Process time is slower than the implementation of pytorch

I have conducted a test comparing the batch size of 1 with the code I implemented using the PyTorch API. The code is provided below:

import torch
import time
from knn_cuda import KNN
def get_millisecond():
    t = time.time()
    return int(round(t * 1000))
def find_two_closest_points(A, B):
    distances = torch.cdist(A, B, p=2)
    closest_distances, closest_indices = torch.topk(distances, 2, dim=-1, largest=False)
    return closest_distances
knn = KNN(k=2, transpose_mode=True)

tensor_A_knn_cuda = torch.randn((1, 1000, 128)).cuda()
tensor_B_knn_cuda = torch.randn((1, 1000, 128)).cuda()
tensor_A = torch.randn((1000, 128)).cuda()
tensor_B = torch.randn((1000, 128)).cuda()
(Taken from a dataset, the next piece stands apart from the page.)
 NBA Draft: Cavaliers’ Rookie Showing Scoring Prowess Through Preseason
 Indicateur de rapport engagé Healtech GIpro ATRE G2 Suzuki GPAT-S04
start_time = get_millisecond()
torch.cuda.synchronize()
for _ in range(10000):
    distance = knn(tensor_A_knn_cuda, tensor_B_knn_cuda)
torch.cuda.synchronize()
end_time = get_millisecond()
print("knn_cuda process time: {}".format(end_time-start_time))

start_time = get_millisecond()
torch.cuda.synchronize()
for _ in range(10000):
    distance = find_two_closest_points(tensor_A, tensor_B)
torch.cuda.synchronize()
end_time = get_millisecond()
print("pytorch process time: {}".format(end_time-start_time))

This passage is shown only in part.